Critics have slammed the trade agreement for its lack of symmetry — they say that the monster economy of the United States, especially its heavily subsidized agricultural industry, would dwarf the Peruvian economy, despite its eight consecutive years of economic growth.
“…What the US wasn’t able to do regionally, for instance the Free Trade Agreement of the Americas, the FTAA, they’ll be able to do bilaterally, one by one, locking in these countries into trade rules that aren’t necessarily beneficial to the people,” said Vicki Gass, a senior associate on rights and development at the Washington Office on Latin America, a US-based think tank.
Pushing agreement along
In June, Peru’s Congress passed a series of amendments to appease Democratic lawmakers on environmental and labor protection.
“I think there were some advancement in the labor and environmental clauses, it’s a little stronger, but … in the case of Peru, even with the new labor regulation, you have 80 percent if not more of the population working on subcontracting or in the informal market.
They don’t enjoy labor rights. This is what was seen in the CAFTA+DR countries,” she said, referring to the Free Trade Agreement between the United States and Central America and the Dominican Republic.
“I think in many ways, the labor rights issues is a red herring because it ignores the other issues starting with the impact on agriculture and the end of democratic governance,” she added.
Gass said the bill breezed through the Senate, and was passed in the House of Representatives for political reasons, not economic ones, particularly the 2008 presidential election, with Democratic lawmakers eager to win support from big business.
The Council on Hemispheric Affairs (COHA), another Washington-based think tank warns that the new deal is just a repetition of NAFTA, which in the nearly 14 years since it has gone into effect has devastated the Mexican agricultural industry.

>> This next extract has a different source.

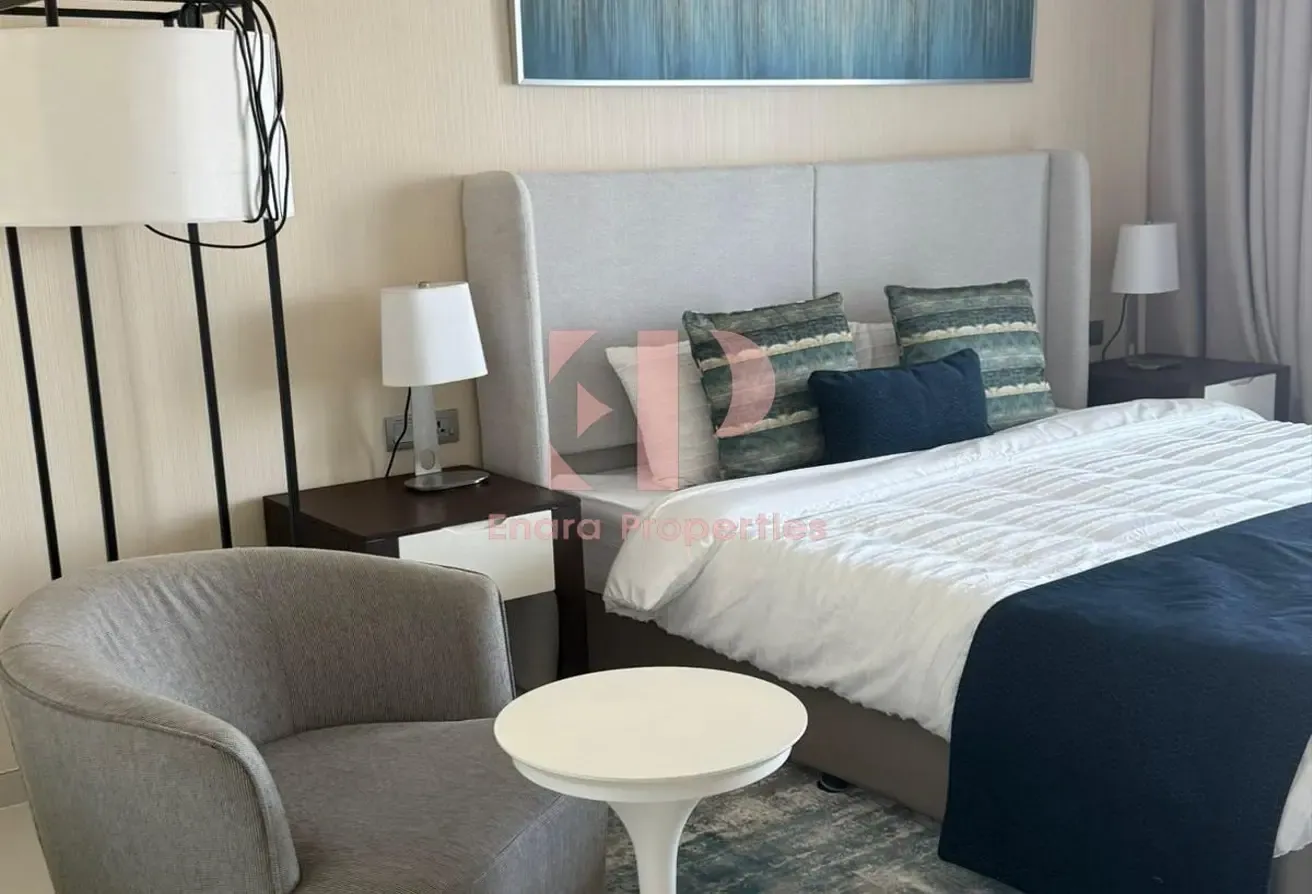 Furnished Studio| Prime location| Vacant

“…It is clear that Mexican farmers were not ready to compete with a Washington subsidized, ‘factory in the field’ US-style agricultural economy,” Manuel Trujillo wrote in a recent COHA report.
“The Bush Administration is either too narrow-minded or grossly uninterested with the negative aspects of the recent history of US-backed FTAs in the region to claim that any refusal to approve the pending FTAs with Colombia and Panama would be a slap in the face for democracy in Latin America.”